Uluslararası basın ajansı Reuters ile gerçekleştirdiği röportajda Türkiye ziyareti sırasında konuşan Bowman, Türkiye’deki özel sektör şirketlerinin güçlü ve dirençli yapısından etkilendiklerini belirtirken aynı zamanda, “Ancak makroekonomik gelişmeler nedeniyle ciddi endişelerimiz var; çünkü makroekonomik istikrar her ülke için kritik öneme sahiptir” dedi.
Bowman, Türkiye ziyareti süresince Hazine, Enerji ve Çevre başta olmak üzere bakanlık, özel sektör ve hükümet yetkilileriyle bir araya gelerek yapıcı ve olumlu görüşmeler gerçekleştirdiklerini açıkladı.
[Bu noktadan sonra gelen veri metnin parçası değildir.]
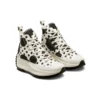 Run Star Hike Platform “Black White”
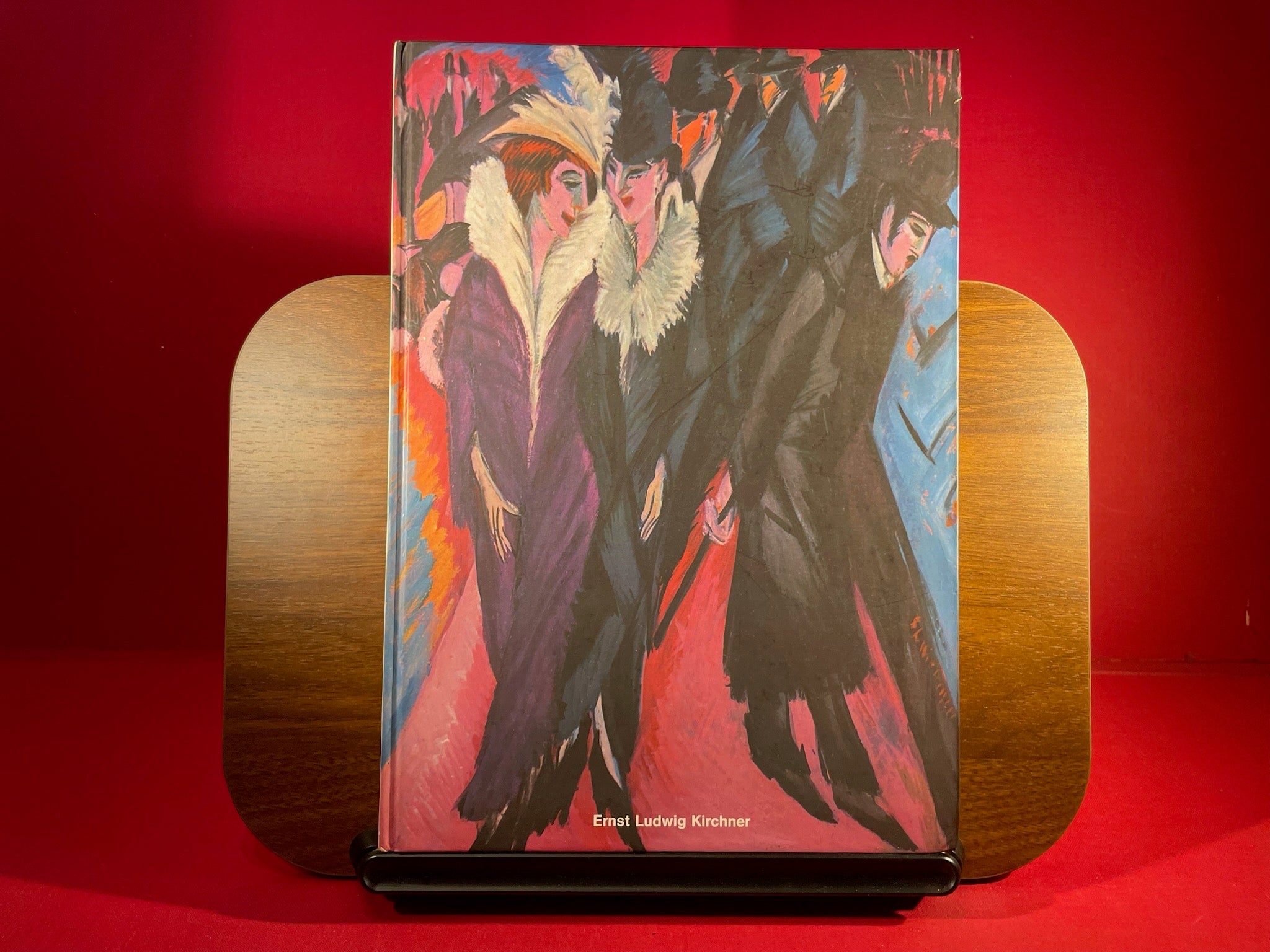 Ernst Ludwig Kirchner: 1880-1938 : Nationalgalerie Berlin, Staatl. Museen Preuss. Kulturbesitz, 29. November 1979-20. Januar 1980 : Haus d. Kunst ... 20. Juni-10. August 1980 (German Edition)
Son dönemde alınan ekonomi politikaları, para politikası önlemleri ve mali sürdürülebilirlik için hükümetin çabalarını “doğru yönde atılmış adımlar” olarak değerlendiren Bowman, sözlerine şunları ekledi:
“Bu adımlar bizi cesaretlendiriyor, ancak makroekonomik istikrar ve politika kredibilitesini yeniden tesis etmek için hala zorluklarla karşı karşıyayız ve yapılması gereken çok iş var. Merkez Bankası (TCMB) politika faizini 250 baz puan artırarak %15’ten %17.5’e yükseltirken parasal sıkılaştırmaya devam edeceklerini taahhüt etti. Aynı zamanda, bütçe açığındaki artışla mücadele amacıyla bu ay birçok vergi artışı da yapıldı. Parlamentoda onaylanan ek bütçe, 1.12 trilyon TL yeni harcama içermektedir.”
Mark Bowman
EBRD Uzmanları Türkiye ekonomisindeki yüksek enflasyon ve rezervlerdeki düşüş gibi dengesizliklerin son derece ciddi bir endişe kaynağı olduğunu ve bankanın Türkiye’deki makroekonomik gelişmeleri titizlikle takip ettiğini belirtti.
EBRD’nin 2009 yılından bu yana Türkiye’deki toplam yatırımının 18 milyar euroyu aştığına dikkat çeken Bowman, bu yatırımların büyük bir bölümünün özel sektöre sağlandığını vurguladı. Türkiye’nin ekonomik istikrarının ve politika kredibilitesinin hem yerel hem de uluslararası yatırımcılar açısından büyük önem taşıdığına işaret etti.